The so-called "wee fee" is no longer under consideration; it's in development. O'Leary has asked Boeing to design toilets that won't work unless you swipe a credit card first. So not only will you have to pay to pee, you'll have to do it on credit.
"Eventually it's going to happen. It's just we can't do it at the moment because we don't have a mechanism for charging you," said the Irish sadist.
Last week, O'Leary set off an uproar by suggesting his airline would install "a coin slot on the toilet door," but company foot soldiers quickly followed him with a broom, cleaning up after him the way they do with the elephants at the circus. Pay lavatories are not coming in the near future, assured damage-controlling Ryanair PR flacks in a soothing voice.
Scratch that. They definitely are, only not paid by the tinkle of coins, because that would be too tricky to design. Here's how O'Leary calculates it: "Frankly, if we think 20% of our passengers in a year would use the facility, if they paid a pound per passenger, it would raise about 15 million quid and would help us to pass on £15m worth of fare savings to the traveling public."
Up until now, Ryanair has been Europe's most profitable airline, something it accomplished by pricing flights insanely low and then piling on the added fees, from massive luggage charges to a hit even for carrying on your airport purchases. But if this new fee comes on board, will passengers revolt? There are some heartless cash-heads at the Harvard Business School who admire the airline's aplomb, but I wouldn't say those guys are in sync withe the current zeitgeist.

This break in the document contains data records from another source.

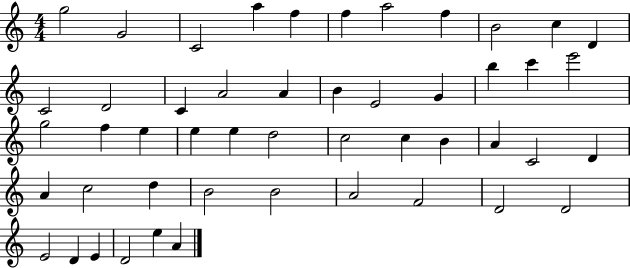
X:1
T:Untitled
M:4/4
L:1/4
K:C
g2 G2 C2 a f f a2 f B2 c D C2 D2 C A2 A B E2 G b c' e'2 g2 f e e e d2 c2 c B A C2 D A c2 d B2 B2 A2 F2 D2 D2 E2 D E D2 e A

A lot of Ryanair's flights are relatively short jaunts like Dublin to Edinburgh or Gatwick to Barcelona. In a place the size of America, though, many flights are so long that "holding it" for will take on new heights of discomfort that most Europeans won't have to endure. And it's not like you can sneak into a nearby pub to relieve yourself, as our sister site WalletPop U.K. points out as part of its own Ryanair coverage.
Federal law requires toilets in the workplace--it's a bodily necessity, like air and water. Some cities, too, have laws on the books mandating free public toilets for stores of a certain capacity, so it's uncertain how pay-to-pee flights would work out here on both the social and legal levels.
Who knows? Perhaps the introduction of a charge like this could finally get American lawmakers off their butts, so to speak, so they craft some national guidelines about where free, public facilities must be provided.